Dass der schwedische Staat die Interessen der Energieproduktion höher einordnet als die der dortigen Urbevölkerung, hat Tradition. Schon als in den Fünfziger- und Sechzigerjahren in Nordschweden die Wasserkraft durch den Bau großer Stauseen massiv ausgebaut wurde, ging das zulasten der Sami und ihrer Rentiere. Ging man damals recht rücksichtslos vor, sollen jetzt im Rahmen eines gemeinsam zwischen Windkraftbetreibern und Sami-Verbänden betriebenen „VindRen“-Projekts Richtlinien entwickelt werden, wie es zu möglichst geringen negativen Auswirkungen auf die Rentierzucht kommen kann. Aufgrund günstiger Windbedingungen und der geringen Bevölkerungsdichte Nordschwedens ist das jetzige Windkraftprojekt nur eines von vielen, die man dort verwirklichen will.

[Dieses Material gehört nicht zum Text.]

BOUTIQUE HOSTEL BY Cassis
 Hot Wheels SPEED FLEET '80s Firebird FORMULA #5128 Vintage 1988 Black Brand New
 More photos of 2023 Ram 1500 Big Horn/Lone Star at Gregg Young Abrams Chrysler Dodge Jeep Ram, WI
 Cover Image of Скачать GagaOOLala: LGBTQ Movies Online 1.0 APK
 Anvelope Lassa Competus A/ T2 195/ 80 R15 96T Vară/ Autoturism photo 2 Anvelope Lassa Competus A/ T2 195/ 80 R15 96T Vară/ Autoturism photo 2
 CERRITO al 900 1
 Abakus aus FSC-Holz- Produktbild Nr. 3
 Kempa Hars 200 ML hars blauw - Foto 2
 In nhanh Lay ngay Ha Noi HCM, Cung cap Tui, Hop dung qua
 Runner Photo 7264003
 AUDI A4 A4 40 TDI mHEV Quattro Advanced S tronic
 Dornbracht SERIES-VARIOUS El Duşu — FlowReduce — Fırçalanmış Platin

Am Projekt Markbygden Vind, das bis 2020 realisiert werden soll, ist auch die deutsche Enercon mit 25 Prozent beteiligt. Sie plant in Piteå eine eigene Fabrik zur Produktion der Windenergieanlagen, die 200 Beschäftigte haben soll. Zwei Windkraftanlagen stehen seit einigen Monaten: An diesen Pilotanlagen sollen Erfahrungen beim Betrieb im kalten Klima gesammelt werden. Europas größter Windkraftpark soll im Endausbau 10 bis 12 Terawattstunden liefern – 8 Prozent der jährlichen schwedischen Stromproduktion.